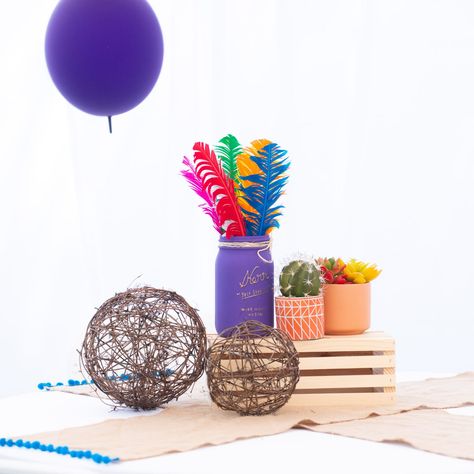 Coachella Handmade Centerpieces #colorful #coachellaparty #party #coachella #centerpieces #handmade #design Coachella Birthday, Shaker Boxes, Boho Inspiration, Birthday Centerpieces, Boho Party, Creative Stationery, Party Kit, Treat Boxes, Flower Centerpieces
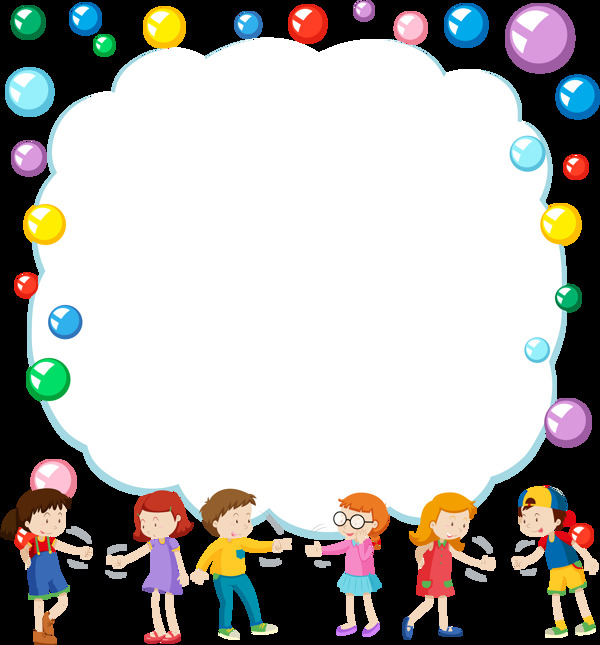 可愛(ài)學(xué)生小孩花邊免摳png透明圖層素材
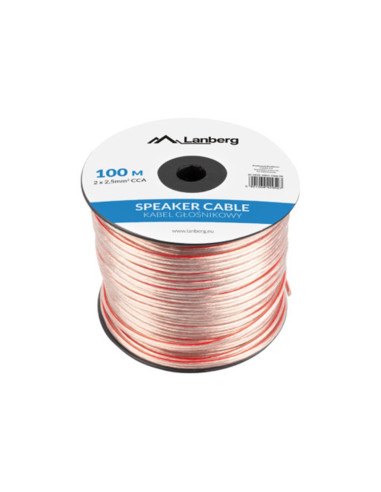 Cable altavoz lanberg 2 x 2.5 mm2 100m transparente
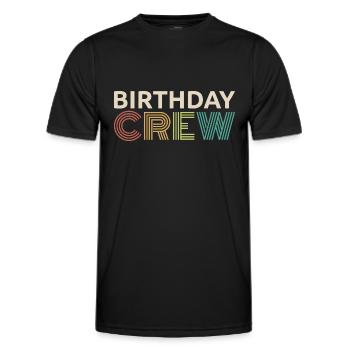 Birthday Crew Matching Group Birthday Party Outfit - Men's Functional T-Shirt - black - Front - AI Model Male 178 dark (178cm)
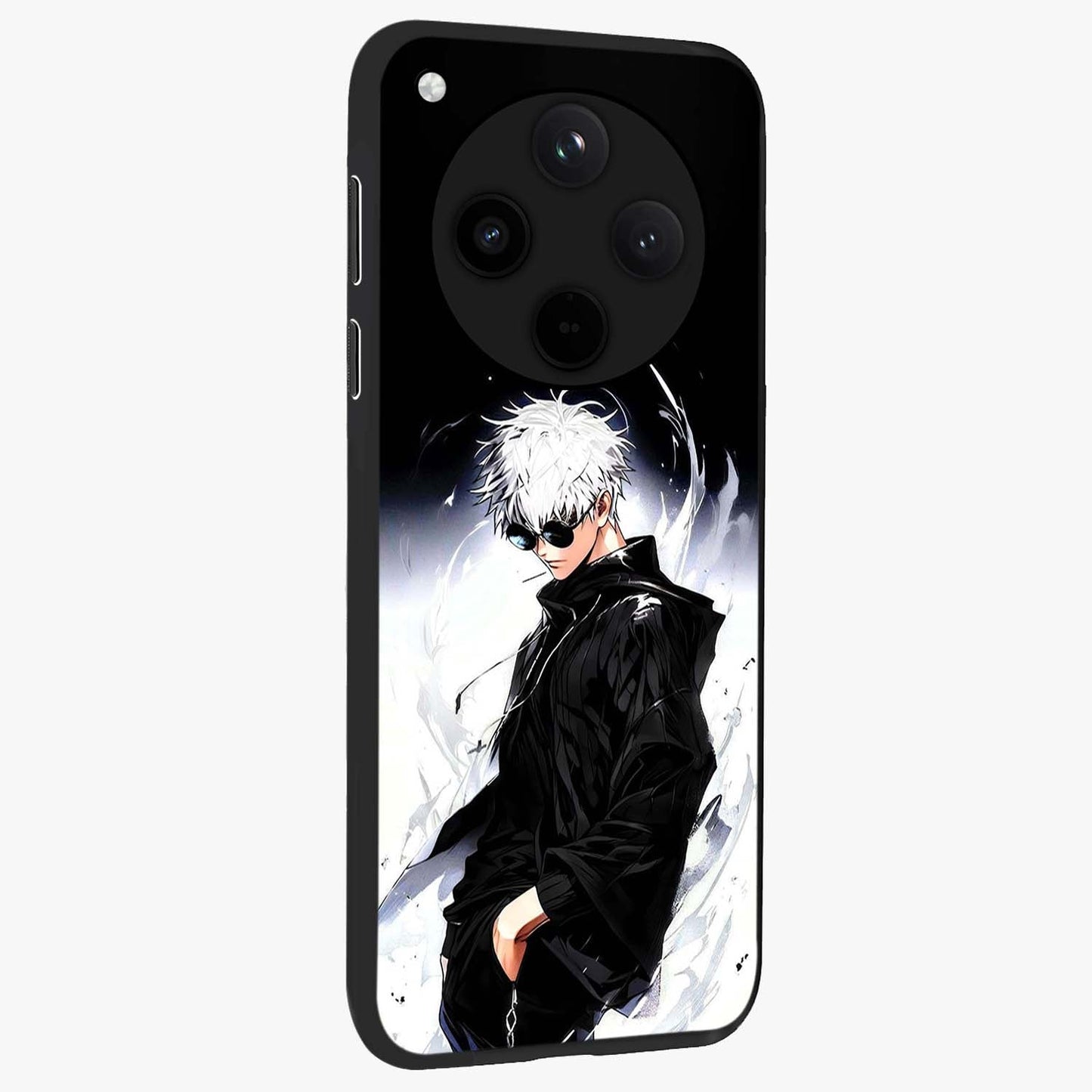 Limitless Shadow King Glass Case upright view showcasing bold shadow warrior artwork with epic fantasy theme.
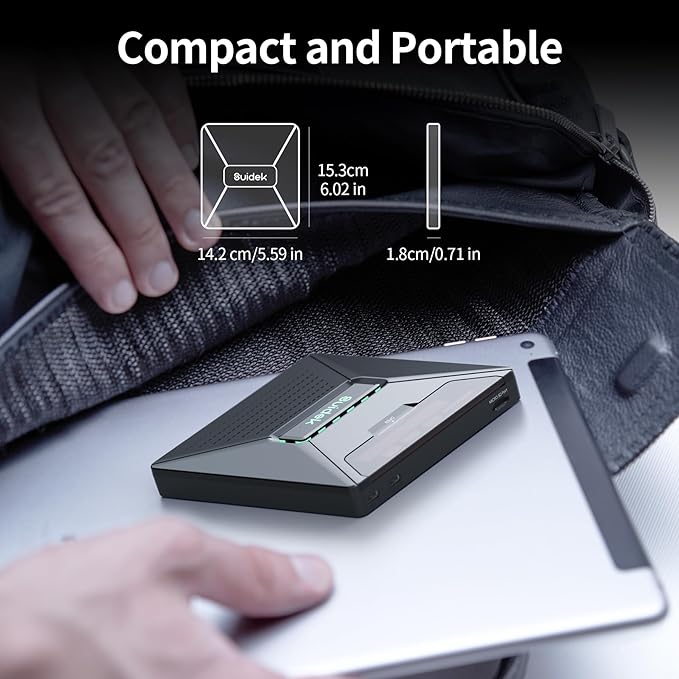 CD DVD Drive External Portable CD DVD Driver +/-RW Burner with 2.5 SATASD Card Reader and USB A Type C 2.0 Hub Compatible with Laptop PC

• PROBLEM DESCRIPTION
Please transcribe exactly the lines from the start of the records through the line containing "可愛(ài)學(xué)生小孩花邊免摳png透明圖層素材", leaving the pictures out.

• RESPONSE AREA
 Coachella Handmade Centerpieces #colorful #coachellaparty #party #coachella #centerpieces #handmade #design Coachella Birthday, Shaker Boxes, Boho Inspiration, Birthday Centerpieces, Boho Party, Creative Stationery, Party Kit, Treat Boxes, Flower Centerpieces
 可愛(ài)學(xué)生小孩花邊免摳png透明圖層素材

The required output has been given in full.